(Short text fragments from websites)
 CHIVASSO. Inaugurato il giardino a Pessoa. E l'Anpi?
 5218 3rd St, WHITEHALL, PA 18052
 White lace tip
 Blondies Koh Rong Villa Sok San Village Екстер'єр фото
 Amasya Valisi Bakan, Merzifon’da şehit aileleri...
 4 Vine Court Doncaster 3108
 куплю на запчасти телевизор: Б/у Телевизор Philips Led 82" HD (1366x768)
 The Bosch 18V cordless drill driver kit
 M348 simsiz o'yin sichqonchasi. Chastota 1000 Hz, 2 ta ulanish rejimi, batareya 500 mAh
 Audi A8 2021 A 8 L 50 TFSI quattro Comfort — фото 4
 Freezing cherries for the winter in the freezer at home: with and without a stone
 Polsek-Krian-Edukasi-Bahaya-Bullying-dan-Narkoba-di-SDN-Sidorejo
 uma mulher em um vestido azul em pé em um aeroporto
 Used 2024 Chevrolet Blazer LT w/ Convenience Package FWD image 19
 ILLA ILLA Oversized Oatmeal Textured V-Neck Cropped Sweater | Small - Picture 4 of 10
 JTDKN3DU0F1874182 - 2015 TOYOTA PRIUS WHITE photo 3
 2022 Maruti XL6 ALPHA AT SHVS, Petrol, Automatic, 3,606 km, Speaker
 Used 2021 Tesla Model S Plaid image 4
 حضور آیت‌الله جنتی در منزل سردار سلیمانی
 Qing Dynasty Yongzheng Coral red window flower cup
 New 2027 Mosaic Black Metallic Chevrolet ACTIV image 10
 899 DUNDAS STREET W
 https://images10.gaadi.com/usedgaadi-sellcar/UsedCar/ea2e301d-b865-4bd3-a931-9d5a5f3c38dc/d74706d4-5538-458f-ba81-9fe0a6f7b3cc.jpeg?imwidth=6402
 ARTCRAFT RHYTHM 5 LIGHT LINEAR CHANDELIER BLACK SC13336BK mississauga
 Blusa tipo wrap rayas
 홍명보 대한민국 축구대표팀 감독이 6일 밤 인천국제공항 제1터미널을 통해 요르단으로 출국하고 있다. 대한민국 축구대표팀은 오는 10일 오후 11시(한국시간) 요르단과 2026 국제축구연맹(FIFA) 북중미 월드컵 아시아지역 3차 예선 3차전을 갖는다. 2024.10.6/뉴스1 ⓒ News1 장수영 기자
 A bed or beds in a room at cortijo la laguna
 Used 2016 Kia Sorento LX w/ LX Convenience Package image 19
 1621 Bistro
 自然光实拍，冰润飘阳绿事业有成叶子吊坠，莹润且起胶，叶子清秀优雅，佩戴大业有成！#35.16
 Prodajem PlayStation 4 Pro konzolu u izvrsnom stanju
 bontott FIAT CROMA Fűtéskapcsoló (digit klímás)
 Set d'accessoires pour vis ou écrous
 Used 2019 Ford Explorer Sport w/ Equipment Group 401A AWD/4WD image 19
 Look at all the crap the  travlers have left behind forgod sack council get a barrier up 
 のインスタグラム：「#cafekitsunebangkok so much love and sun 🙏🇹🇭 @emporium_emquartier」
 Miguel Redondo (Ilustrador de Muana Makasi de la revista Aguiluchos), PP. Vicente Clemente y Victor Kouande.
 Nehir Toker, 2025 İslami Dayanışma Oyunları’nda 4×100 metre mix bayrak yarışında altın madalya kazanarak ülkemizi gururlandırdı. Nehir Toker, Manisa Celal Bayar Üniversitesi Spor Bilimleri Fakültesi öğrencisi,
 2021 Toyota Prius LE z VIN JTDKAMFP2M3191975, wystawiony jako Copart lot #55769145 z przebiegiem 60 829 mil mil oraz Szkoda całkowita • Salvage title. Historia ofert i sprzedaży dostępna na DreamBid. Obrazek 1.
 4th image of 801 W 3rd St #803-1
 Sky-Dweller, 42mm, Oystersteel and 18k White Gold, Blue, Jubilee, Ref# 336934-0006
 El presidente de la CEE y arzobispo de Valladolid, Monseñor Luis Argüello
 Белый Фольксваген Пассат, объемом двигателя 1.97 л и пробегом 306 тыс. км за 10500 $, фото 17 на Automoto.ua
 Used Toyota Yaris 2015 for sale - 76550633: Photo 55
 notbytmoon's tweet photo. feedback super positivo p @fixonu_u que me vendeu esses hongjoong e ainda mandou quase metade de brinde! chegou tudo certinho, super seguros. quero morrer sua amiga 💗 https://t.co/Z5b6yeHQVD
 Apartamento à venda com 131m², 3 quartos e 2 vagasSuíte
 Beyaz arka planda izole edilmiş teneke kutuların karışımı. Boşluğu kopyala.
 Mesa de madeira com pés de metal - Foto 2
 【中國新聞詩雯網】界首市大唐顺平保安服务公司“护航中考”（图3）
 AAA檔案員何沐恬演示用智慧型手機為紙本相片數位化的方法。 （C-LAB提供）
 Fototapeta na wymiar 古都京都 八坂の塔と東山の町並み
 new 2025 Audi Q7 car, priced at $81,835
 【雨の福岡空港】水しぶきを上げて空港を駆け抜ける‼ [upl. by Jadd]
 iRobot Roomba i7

TASK REQUIREMENTS
Take the lines above from the one containing "Audi A8 2021" to the one containing "Qing Dynasty Yongzheng" and retype them exactly, both ends included, with nothing added.

ANSWER SPACE
 Audi A8 2021 A 8 L 50 TFSI quattro Comfort — фото 4
 Freezing cherries for the winter in the freezer at home: with and without a stone
 Polsek-Krian-Edukasi-Bahaya-Bullying-dan-Narkoba-di-SDN-Sidorejo
 uma mulher em um vestido azul em pé em um aeroporto
 Used 2024 Chevrolet Blazer LT w/ Convenience Package FWD image 19
 ILLA ILLA Oversized Oatmeal Textured V-Neck Cropped Sweater | Small - Picture 4 of 10
 JTDKN3DU0F1874182 - 2015 TOYOTA PRIUS WHITE photo 3
 2022 Maruti XL6 ALPHA AT SHVS, Petrol, Automatic, 3,606 km, Speaker
 Used 2021 Tesla Model S Plaid image 4
 حضور آیت‌الله جنتی در منزل سردار سلیمانی
 Qing Dynasty Yongzheng Coral red window flower cup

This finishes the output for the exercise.